Le differenze. Le nota, Matteo Renzi, rientrando nell’appartamento destinato al Premier all’interno di Palazzo Chigi, ma non prova nulla: “Nessuna emozione“, garantisce. Tanto da arrivare a parlarne – con un pizzico di preoccupazione – anche con la moglie Agnese, una volta rientrato a casa la sera. “Torni dopo tanto tempo in un posto in cui hai passato anni meravigliosi, pensavo mi colpisse. Invece nulla“, insiste. Su cosa abbia realmente provato Matteo Renzi, tornando sul “luogo del delitto“, non possiamo indagare.
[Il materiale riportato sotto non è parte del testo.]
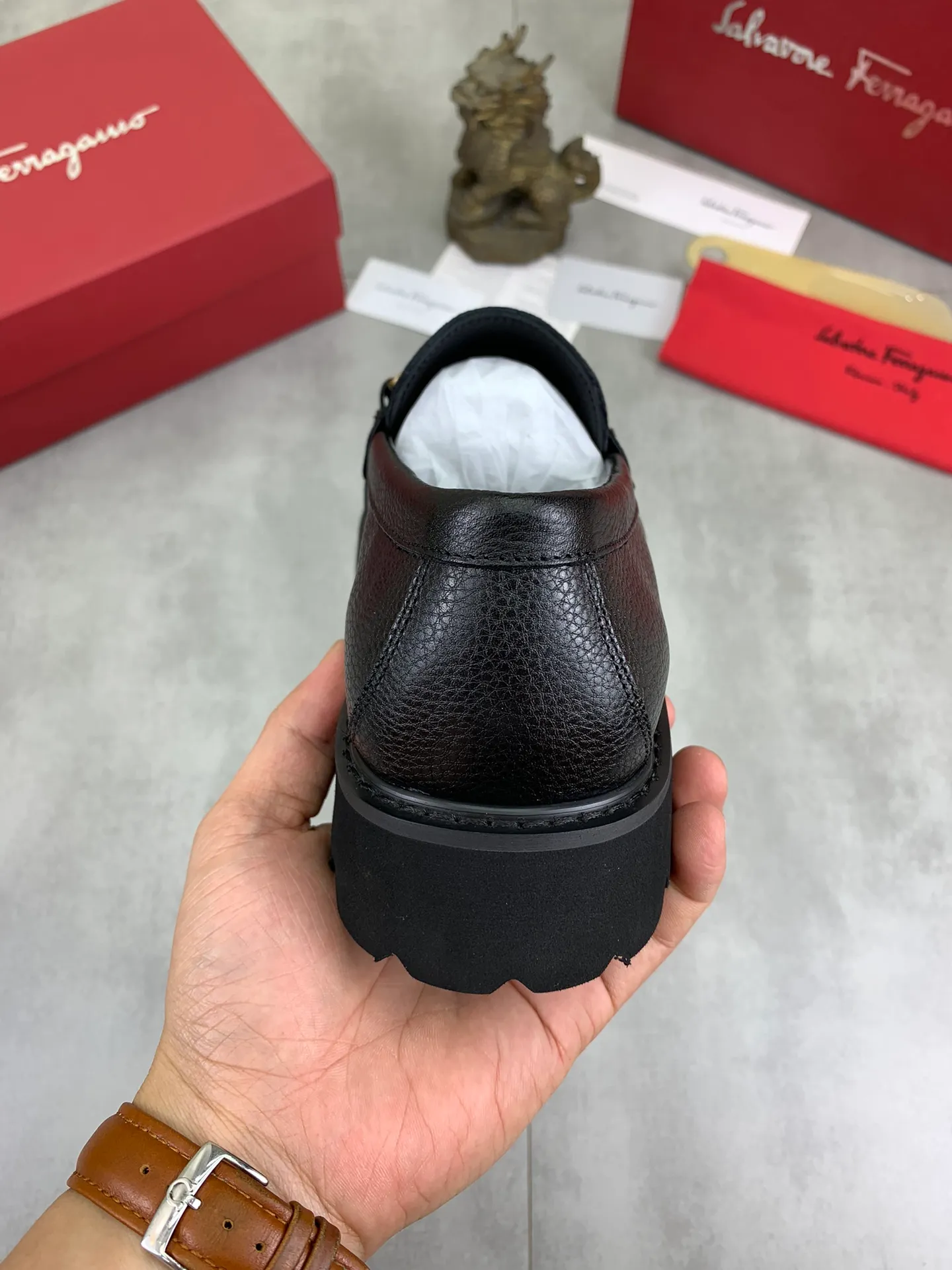 Men's Men's Shoes 💰P460💰[New Style] Water-dyed Niuli 🆘[Salvatore Ferragamo] Ferragamo's latest casual business leather shoes for men! Available at counters simultaneously! The fabric is made of specially imported original calfskin, the lining is made of imported water-dyed cowhide, and the original lightweight foam outsole is absolutely luxurious and leads the fashion trend. Matching code: 38-45; 3️⃣ colors available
Una certezza, invece, è l’immagine di sé che l’ex sindaco di Firenze vuole ora proiettare: quella di un uomo concentrato sul futuro, più che sui ricordi. Eppure, nell’intervista che concede, Renzi di ricordi ne cita parecchi. A partire dalla fine della sua traiettoria al Governo, quando il Referendum sulla riforma Costituzionale da lui tanto desiderata lo spazzò via dalla scena, almeno per un po’: “Io sono un uomo fortunato. Ho fatto il presidente del Consiglio a trentanove anni, ho realizzato riforme che hanno portato un cambiamento nella società, nell’economia, nel lavoro, nei diritti civili, che forse saranno più apprezzate ora di quanto non lo siano state in passato“, rivendica. Certo, all’appello manca quella riforma, la più importante, quella che lui non ha mai dimenticato e che “oggi qualcuno rimpiange“: la modifica alla Costituzione da lui tanto voluta. Il quadro, però, è quello dell’uomo soddisfatto di ciò che ha portato a termine, con un unico rimpianto: “Non essermi levato di torno, e per sempre, subito dopo la sconfitta al referendum“, dice.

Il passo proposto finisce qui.